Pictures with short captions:
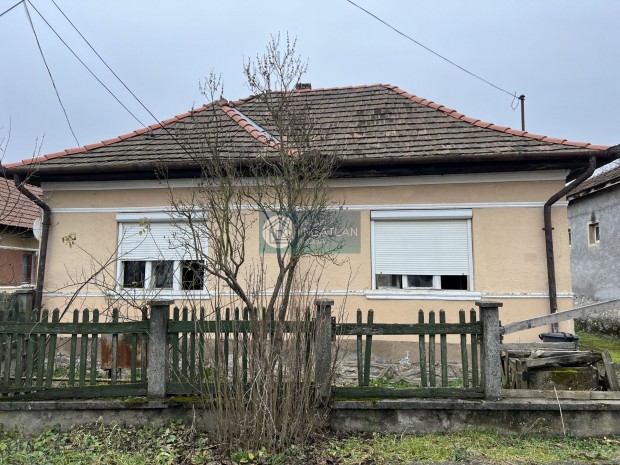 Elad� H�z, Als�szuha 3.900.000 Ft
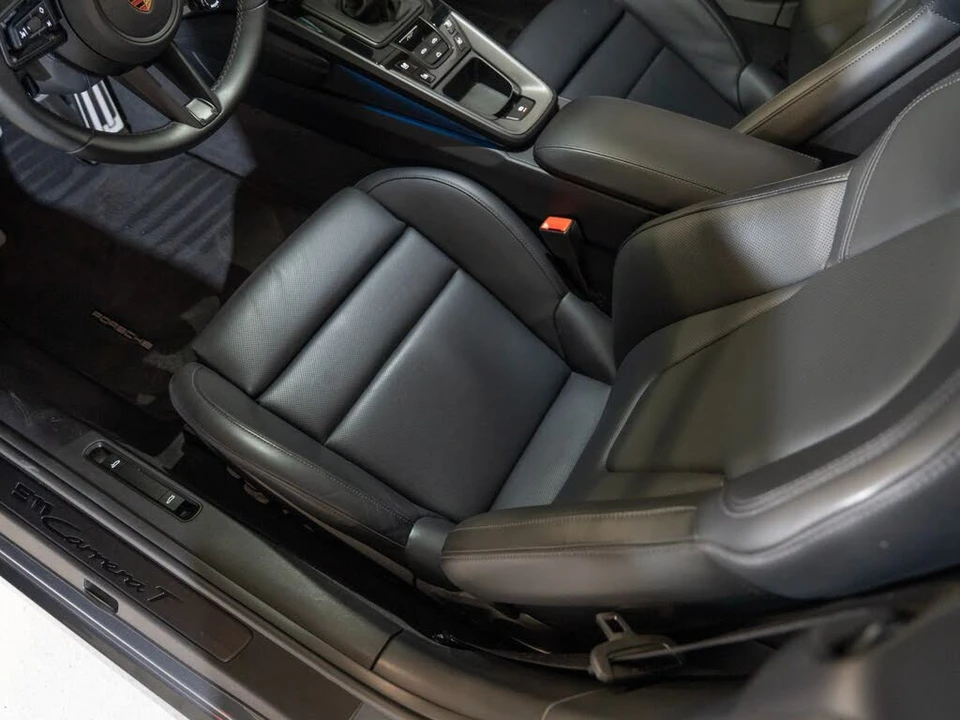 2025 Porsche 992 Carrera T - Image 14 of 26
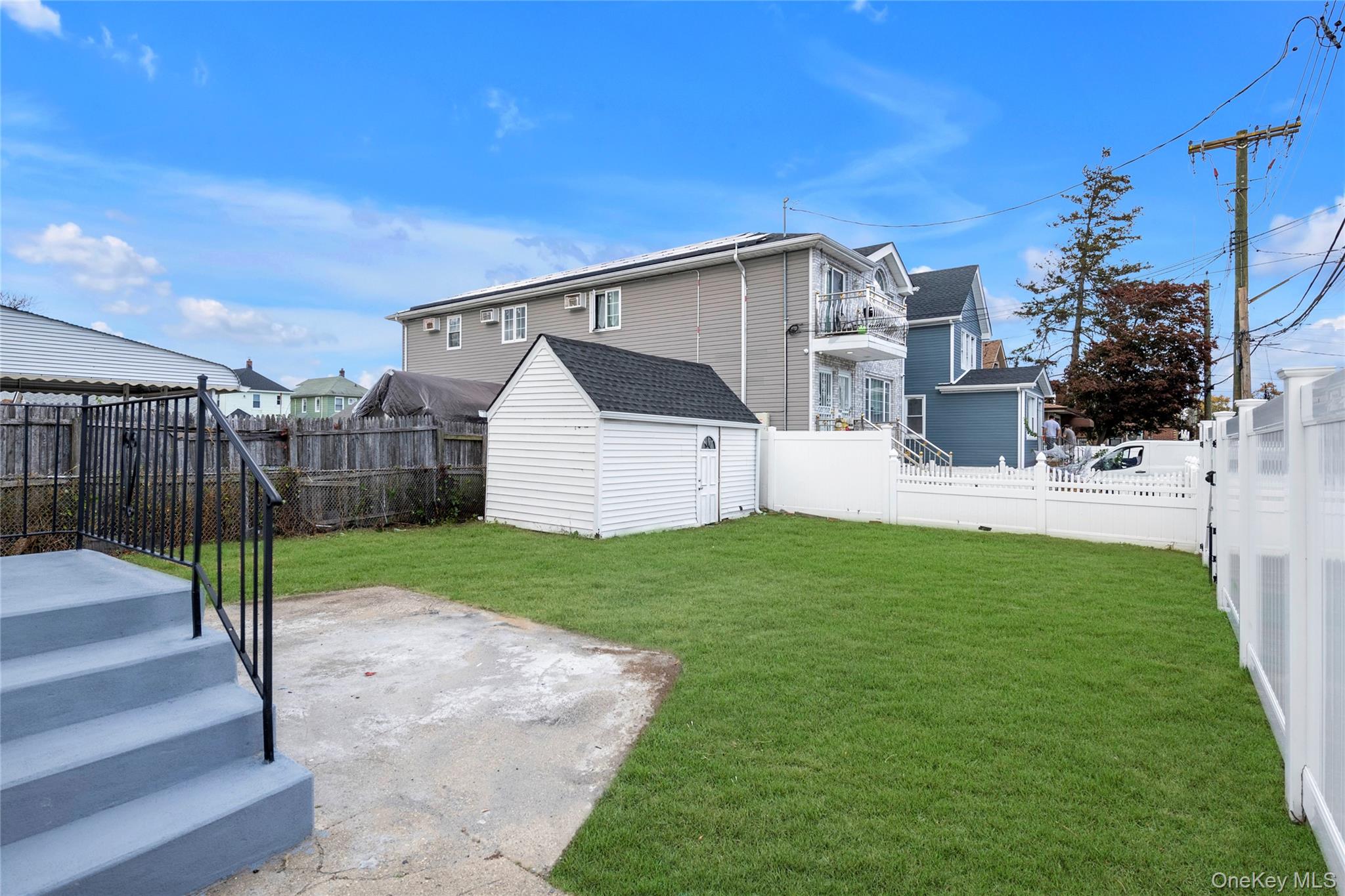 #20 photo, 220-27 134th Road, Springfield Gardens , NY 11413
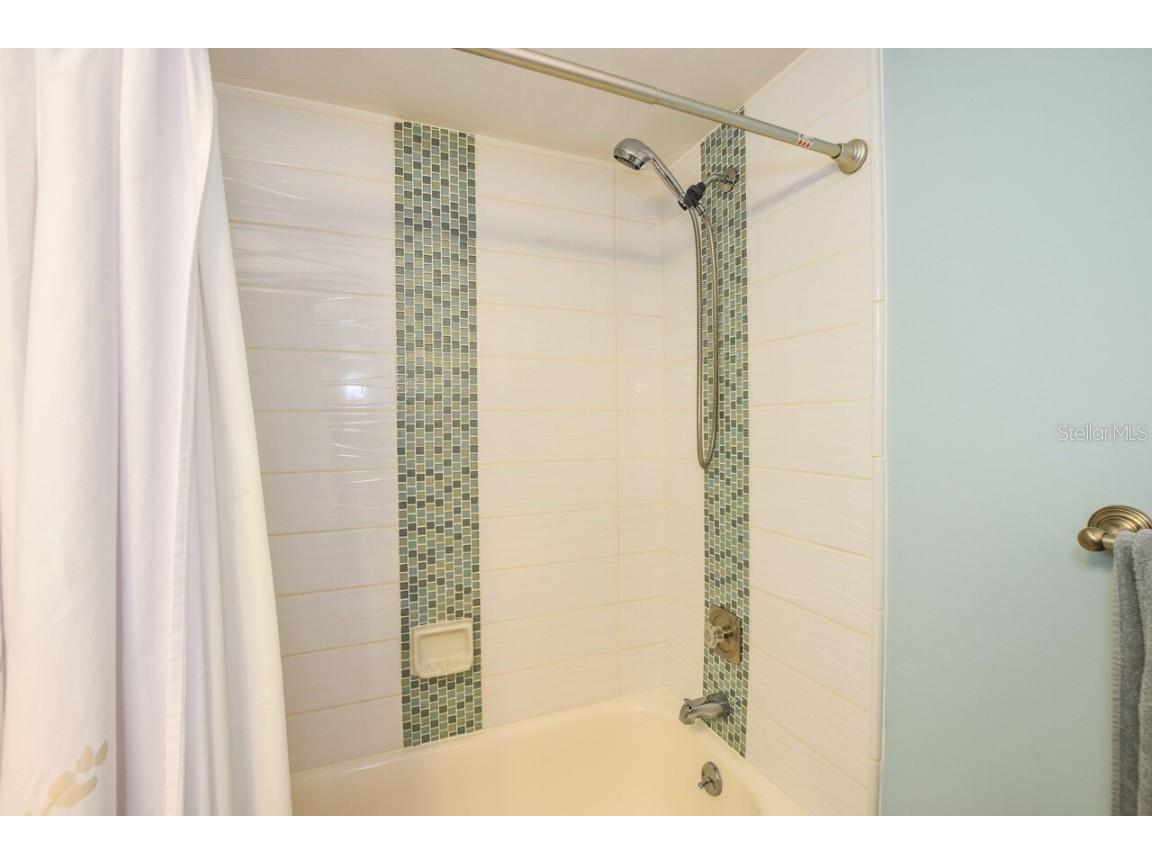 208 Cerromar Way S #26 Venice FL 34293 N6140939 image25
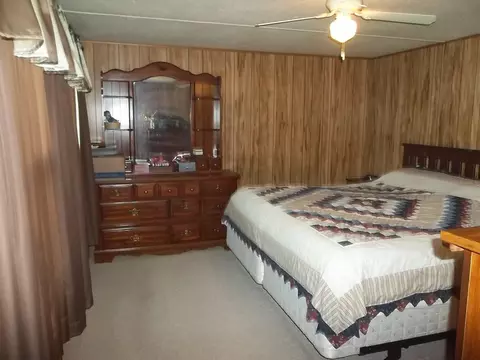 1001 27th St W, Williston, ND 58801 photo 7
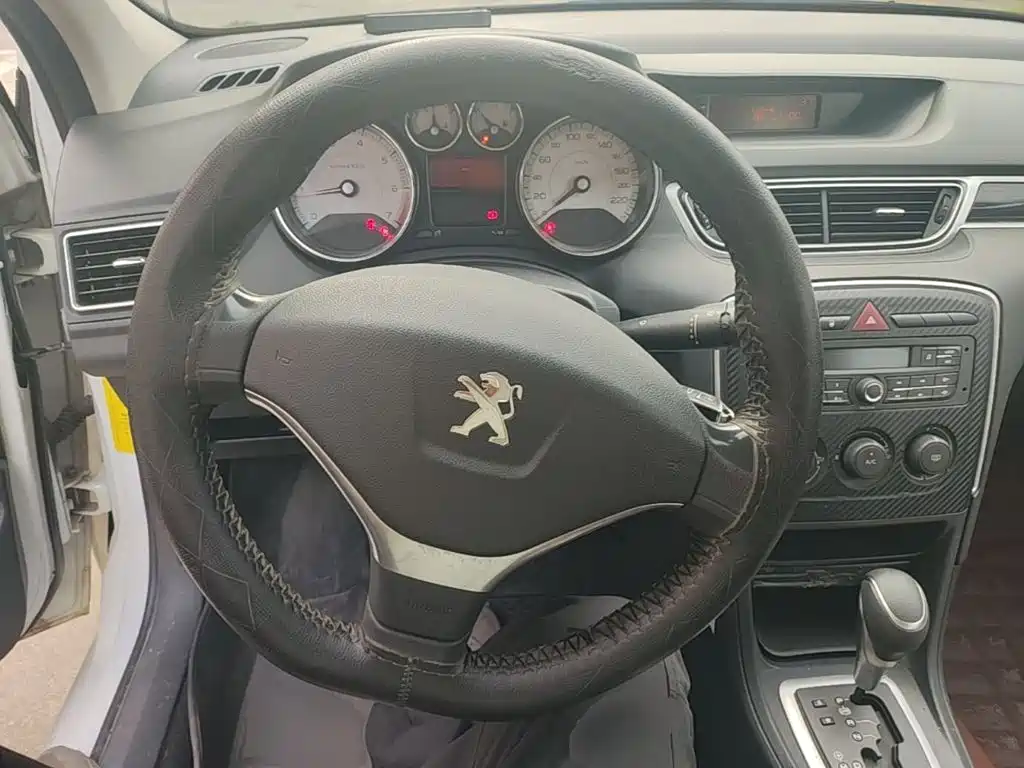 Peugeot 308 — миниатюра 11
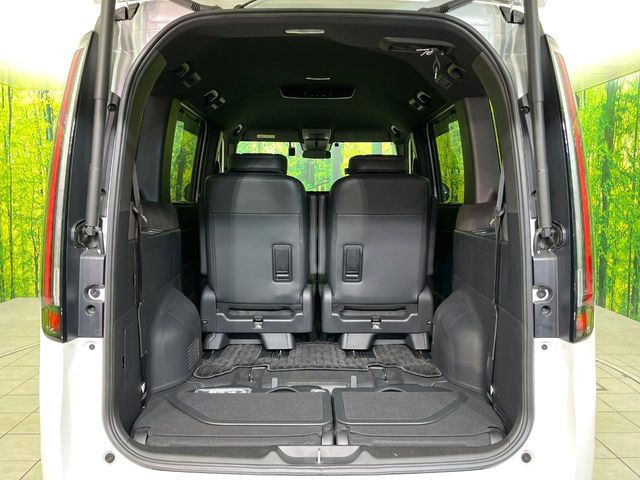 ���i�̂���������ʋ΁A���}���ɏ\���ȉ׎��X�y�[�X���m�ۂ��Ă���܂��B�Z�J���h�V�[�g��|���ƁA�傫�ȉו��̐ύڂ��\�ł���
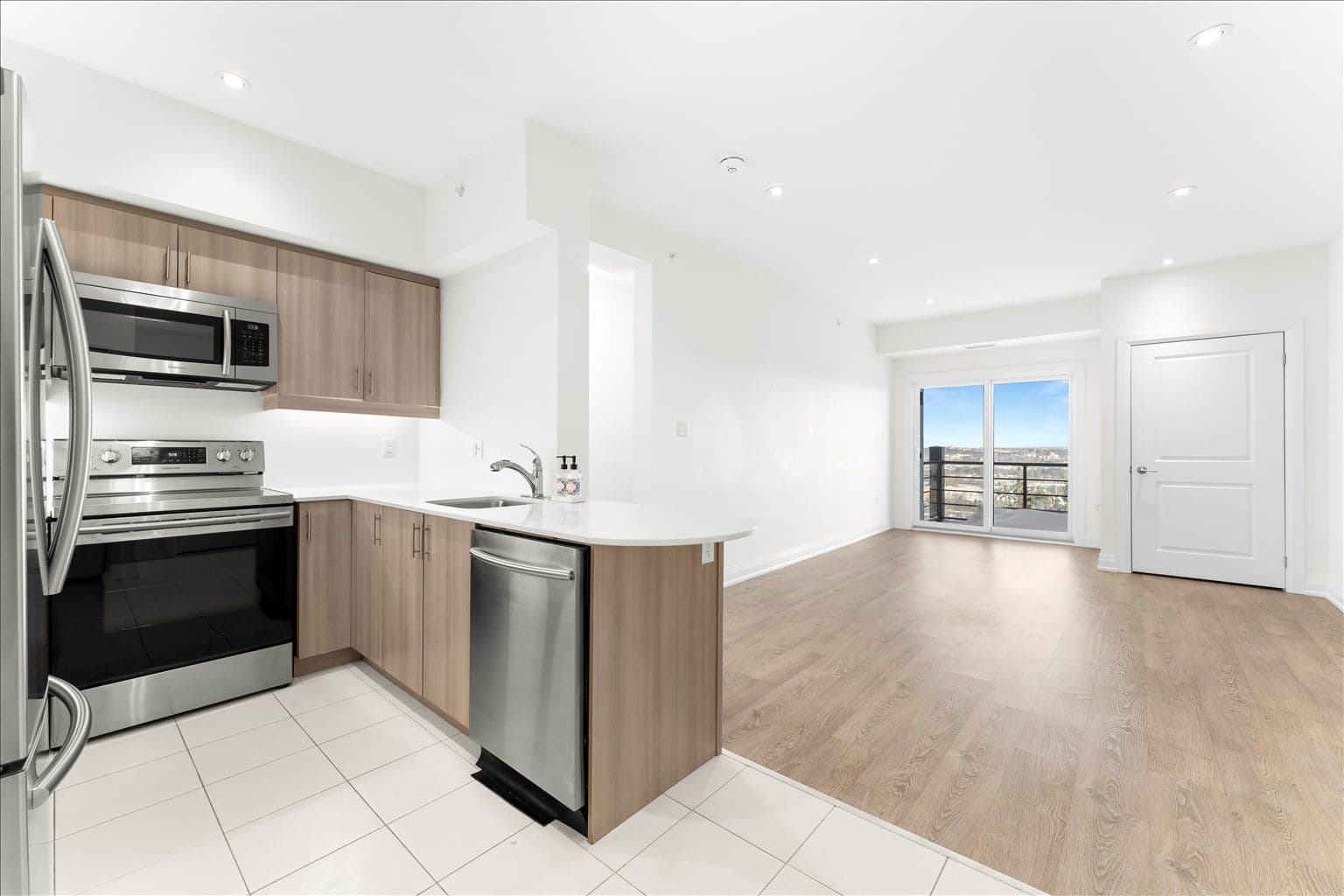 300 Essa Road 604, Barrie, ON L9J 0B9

Your objective:
Reproduce the lines above letter for letter. The pictures stay behind.

Response area:
 Elad� H�z, Als�szuha 3.900.000 Ft
 2025 Porsche 992 Carrera T - Image 14 of 26
 #20 photo, 220-27 134th Road, Springfield Gardens , NY 11413
 208 Cerromar Way S #26 Venice FL 34293 N6140939 image25
 1001 27th St W, Williston, ND 58801 photo 7
 Peugeot 308 — миниатюра 11
 ���i�̂���������ʋ΁A���}���ɏ\���ȉ׎��X�y�[�X���m�ۂ��Ă���܂��B�Z�J���h�V�[�g��|���ƁA�傫�ȉו��̐ύڂ��\�ł���
 300 Essa Road 604, Barrie, ON L9J 0B9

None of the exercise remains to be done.